- _WHAT YOU WILL DO_
Only the pictures are to be left out; set down the rest of the records exactly.

::: DATA PROVIDED :::

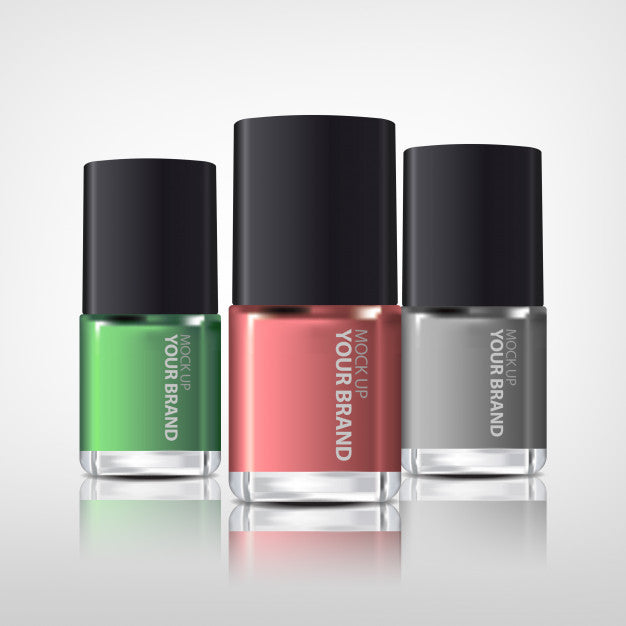 Free Nail Polish Colourful Realistic Mock Up Psd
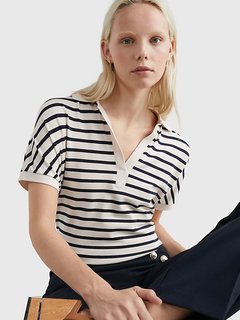 Luxusní Stripe Relaxed Polo triko, Bílá barva, S, M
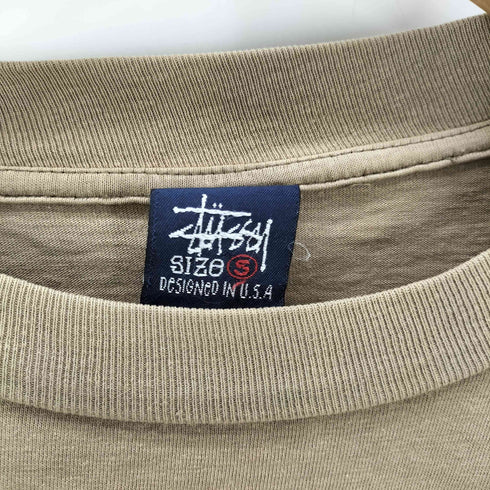 ステューシー Stussy 90S 紺タグ OLD USA製 ショーンフォント ロゴ プリント Tシャツ 裾袖シングル メンズ import:S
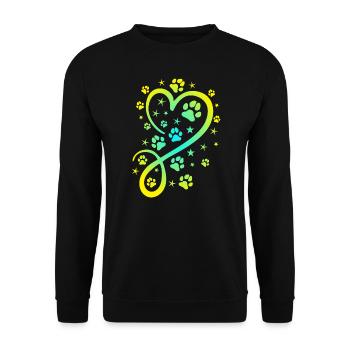 Herz mit Pfötchen und Sternen - Unisex Pullover - Schwarz - Vorne - Alina (178cm) & Michal (187cm)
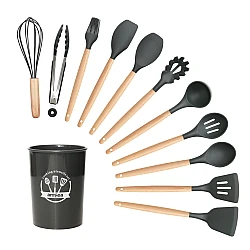 Set 12 ustensile de bucatarie Lemn/Silicon Gri Inchis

:::

- _SOLUTION FOR THIS EXERCISE_
 Free Nail Polish Colourful Realistic Mock Up Psd
 Luxusní Stripe Relaxed Polo triko, Bílá barva, S, M
 ステューシー Stussy 90S 紺タグ OLD USA製 ショーンフォント ロゴ プリント Tシャツ 裾袖シングル メンズ import:S
 Herz mit Pfötchen und Sternen - Unisex Pullover - Schwarz - Vorne - Alina (178cm) & Michal (187cm)
 Set 12 ustensile de bucatarie Lemn/Silicon Gri Inchis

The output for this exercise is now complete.